Jrue Holiday capped his 41-point performance with an 18-foot pull-up jumper that gave the Pelicans a six-point lead with 40 seconds left.

Rajon Rondo added 16 assists, and Davis also had 11 rebounds and three blocks for New Orleans, which is moving on to the second round of the playoffs for only the second time since the NBA returned to the city 16 seasons ago.

C.J. McCollum scored 38 for the Trail Blazers, who responded to a blowout loss in Game 3 by keeping Game 4 close until the final minute. Al-Farouq Aminu scored 27, Damian Lillard added 18 points and Jusuf Nurkic had 18 points and 11 rebounds before fouling out.

Lillard’s difficult driving layup had just tied the game at 60 when the Pelicans briefly pulled away, going on an 11-2 run capped by Davis’ 3.

Soon after, Nikola Mirotic added step-back 3. Davis, who scored 19 in the third quarter, then added a layup while falling down after a hard foul by Aminu, after which Davis flexed both biceps while still sitting on the court.

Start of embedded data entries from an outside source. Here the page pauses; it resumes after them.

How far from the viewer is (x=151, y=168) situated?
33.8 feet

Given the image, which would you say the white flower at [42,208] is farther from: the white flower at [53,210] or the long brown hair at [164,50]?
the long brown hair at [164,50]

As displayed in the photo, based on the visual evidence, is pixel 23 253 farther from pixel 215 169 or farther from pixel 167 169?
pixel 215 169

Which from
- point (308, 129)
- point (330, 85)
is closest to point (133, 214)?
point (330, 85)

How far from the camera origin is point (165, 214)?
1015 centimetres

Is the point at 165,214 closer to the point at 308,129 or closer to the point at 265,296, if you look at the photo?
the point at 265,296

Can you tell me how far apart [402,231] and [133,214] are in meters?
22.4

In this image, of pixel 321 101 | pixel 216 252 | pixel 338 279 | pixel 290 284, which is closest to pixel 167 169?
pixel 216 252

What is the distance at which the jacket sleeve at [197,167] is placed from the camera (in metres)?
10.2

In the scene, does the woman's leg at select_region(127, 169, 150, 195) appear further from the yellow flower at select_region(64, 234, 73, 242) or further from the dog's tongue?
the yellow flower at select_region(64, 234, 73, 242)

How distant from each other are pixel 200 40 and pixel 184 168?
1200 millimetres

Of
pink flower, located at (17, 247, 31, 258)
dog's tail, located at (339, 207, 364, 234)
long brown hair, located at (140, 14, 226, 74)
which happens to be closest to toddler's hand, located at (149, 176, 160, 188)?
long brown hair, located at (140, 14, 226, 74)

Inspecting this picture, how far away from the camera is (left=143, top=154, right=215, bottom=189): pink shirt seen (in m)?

Holiday’s transition 3 made it 87-72, prompting Portland to call timeout while Holiday walked slowly toward mid-court, nodding and smiling wide as he soaked in the crowd’s adulation.

New Orleans led by 13 to start the fourth quarter, but Portland refused to wilt, opening the period on a 15-4 run that included Nurkic’s hook shot, 20-foot jumper and dunk. McCollum’s transition layup made it 104-102 with nearly nine minutes to play.

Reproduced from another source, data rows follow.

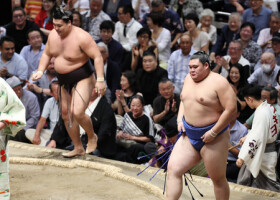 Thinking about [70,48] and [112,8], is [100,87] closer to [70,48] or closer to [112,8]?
[70,48]

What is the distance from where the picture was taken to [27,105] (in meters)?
4.91

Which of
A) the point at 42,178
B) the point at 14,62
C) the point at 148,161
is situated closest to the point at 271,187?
the point at 148,161

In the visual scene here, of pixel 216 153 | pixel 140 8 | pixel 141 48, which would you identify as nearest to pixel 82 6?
pixel 140 8

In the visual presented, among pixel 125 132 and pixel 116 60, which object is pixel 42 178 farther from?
pixel 116 60

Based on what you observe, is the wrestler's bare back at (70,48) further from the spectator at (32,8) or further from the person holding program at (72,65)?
the spectator at (32,8)

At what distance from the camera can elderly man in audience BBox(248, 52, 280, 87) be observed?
4.59 meters

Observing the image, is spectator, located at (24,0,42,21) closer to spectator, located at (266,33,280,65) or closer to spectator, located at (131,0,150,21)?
spectator, located at (131,0,150,21)

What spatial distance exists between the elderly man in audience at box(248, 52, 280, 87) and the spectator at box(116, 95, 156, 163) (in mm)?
1053

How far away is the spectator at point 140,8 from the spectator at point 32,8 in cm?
124

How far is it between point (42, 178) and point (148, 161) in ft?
3.26

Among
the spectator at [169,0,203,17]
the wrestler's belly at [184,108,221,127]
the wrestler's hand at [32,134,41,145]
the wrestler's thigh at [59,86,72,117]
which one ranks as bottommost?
the wrestler's hand at [32,134,41,145]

Portland got as close as a single point on Aminu’s layup with 5:08 to go, but Davis responded with 12 points over the final 4:56, starting with a layup as he was fouled and a 3-pointer. Holiday scored six points during the final 2:52, starting with his 3-pointer. The pair combined for all but one of New Orleans’ points during that pivotal stretch.

Leading up to Game 4, Lillard spoke of the need for the Blazers to ramp up their intensity and physicality. From the tip, it looked as though they’d done so.

In stark contrast to Game 3, when New Orleans led by 18 in the first quarter, this game was tight and testy.

Anthony and Ed Davis received double technical fouls after bumping one another following one of Anthony Davis’ dunks – and that was just the beginning.

McCollum was called for a flagrant foul when he stormed into the lane behind E'Twaun Moore and grabbed the Pelicans guard by the shoulders to thwart a driving layup attempt. Moore then shoved McCollum and was assessed a technical foul.

And in the final seconds of the half, double technicals were assessed to Rondo and Portland center Zach Collins after Rondo lowered his forehead into Collins’ chest and Collins shoved back.

When halftime arrived, New Orleans led 58-56.